Interactions between flying cars and existing ground obstacles are relevant during landing/take-off, which have been simulated only along prefixed, safe routes. Potential obstacles are mainly buildings—especially in high-density/high-populated cities where also variable building heights are expected—and electric cables/antennas—particularly for low-level flights during landing/take-off. Interactions among flying cars and ground cars occur during the transition from flying mode to ground mode, i.e., during landing/take-off, which is allowed within the city only at pre-fixed “transition areas”. Transition areas should be suitably located in the urban context—i.e., in order to both reduce interference with obstacles/ground traffic and minimize disturbances—and then have to be identified where the urban structure is sufficiently dispersed, also by considering the variability of the descent path—e.g., due to meteorological conditions. Reasonably, transition areas are located at no less than the d_min of each other (see below). Dedicated transition roads link transition areas to the ground transport network. The number and location of transition areas and roads within the city should provide a suitable coverage of the city and, at the same time, assuring safe conditions for entering the ground traffic network.

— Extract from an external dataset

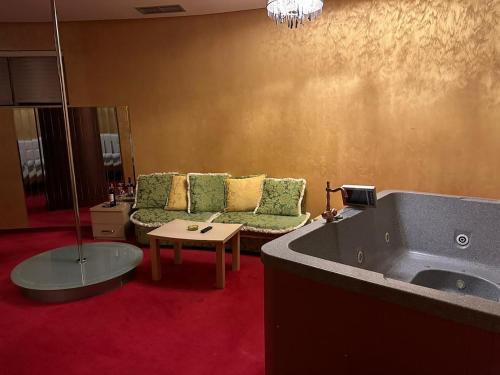 a living room with a couch and a tub at HOTEL GJUTA in Tirana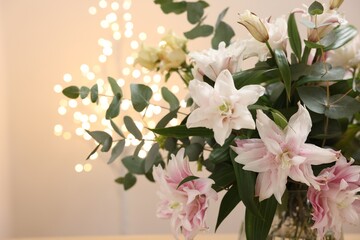 Bouquet of beautiful lily flowers against beige background with blurred lights, closeup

To summarize, the following preliminary conditions have been set to perform the experiment:

• Flying cars are suitably equipped to keep the right distances among them and between them and ground obstacles.
• Flying mode is allowed over the city at a suitable minimum height, while landing and take-off have been allowed only at some prefixed transition areas and roads, which are connected to the ground network.
• To move between specific origin/destination pairs, a combination of flying and ground mode can be adopted: flying mode allows moving quickly for the longer leg between transition nodes, while ground mode has to be used to reach the specific trip destination or to start from a given trip origin.

Starting from the above conditions, the agent-based model has been specified as follows:

1.

Each vehicle i (in flying or ground mode) is associated with an agent A_i (from hereafter the terms agents and vehicle will be used in an interchangeable manner).

2.

For each couple (A_i, A_j) of agents, the following conditions hold:

(a)

In ground mode, ∀A_i following A_j along the ground axis x, the minimum distance d_ij between A_i and A_j is d_ij = t · v_gi + s_ib, where t is the technical time for starting braking, assumed the same for all the A_i (t = 1 sec); v_gi is the ground speed of A_i; s_ib is the braking distance at a constant deceleration a_i, which has been assumed the same for all the A_i.

(b)

In flying mode, ∀A_i flying over A_j, the vertical position along the z axis is h_i = d₀ + n · s_z, where d₀ is the minimum height allowed to overfly the urban area; s_z is the minimum vertical separation between A_i and A_j, which is the same for each couple of agents (A_i, A_j); n is the number of agents under A_i on the z axis.

(c)

In flying mode, ∀A_i following A_j along the same horizontal route, the minimum distance between A_i and A_j is constant and equal to s_x.

(d)

∀A_i passing from ground to flying mode, the climbing occurs at the transition areas based on a booked and confirmed time-slot authorization; this time slot depends on the estimated arrival time at the transition area, which in turn depends on ground traffic conditions.

(e)

∀A_i passing from flying to ground mode, the descent occurs at the transition areas based on a booked and confirmed time-slot authorization; this time slot is estimated when leaving from the origin transition area according to the expected flying time between two transition areas.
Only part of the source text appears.